The stack is chosen by a combination of platform and compiler settings. In the era when 32 MBytes (not GBytes) of RAM was over $2,000, the stack would be merely a few KBytes (maybe 16K).
In some modern platforms the stack can be expanded at runtime.
The stack's primary function is to support function calls. The stack is how the CPU knows where to return when the call is finished. The second purpose is to store data local to the function, which gives that data very local scope to the function, supports recursion and automatically frees the memory upon function return. Without recursion the depth of the stack due to function calls should be quite low (usually less than 50 function calls in depth, often less than 20). Depending on the CPU's atomic size, that may require less than a few KBytes of RAM. It can be difficult to predict how much stack is really required to run an application, but since it is likely RAM is "wasted" that will never be used, it is wise not to rely on a large stack without will considered reasons.

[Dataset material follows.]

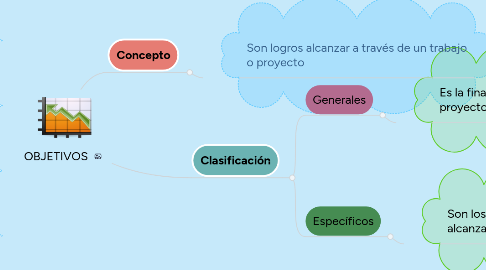 Mind Map: OBJETIVOS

@dhayden, I don't think it can be said that threads share the stack. The stack must be private, lest thread action on the stack would interfere between threads. There would be a strict limit on thread count if stack sharing were implemented.
There would be a strict limit on thread count if stack sharing were implemented.

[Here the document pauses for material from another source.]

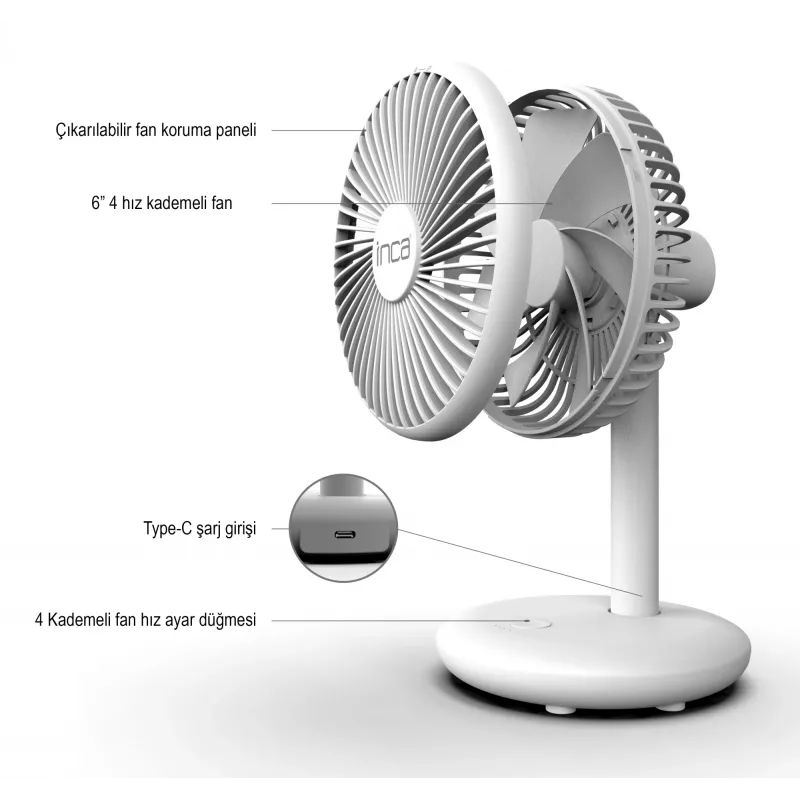 Inca IMF-14B Table Fan, White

of course each thread has its own, independent stack, but anecdotally, that may lead to a limit on thread count: when I worked a job that compiled 32-bit, we couldn't make more than roughly 500 threads because we've set stack size to 8 MB (why 8 MB stack means 500 limit is an exercise to the reader.. in practice it was even a bit smaller, but the fix was the same, drop to 4 MB)
Thanks to you all. I comprehended almost everything. To summarize, for the majority of programs we needn't pointers either smart or raw, because of stack. Since stack is small, so for big programs we ought to toy with pointers, and between them only smart ones and mostly unique_ptr. All right, right?
When we declare = default, we tell the compiler to create that specific method for us automatically. But without declaring any method, too, the compiler creates all methods of the class. so why do we need that = default yet?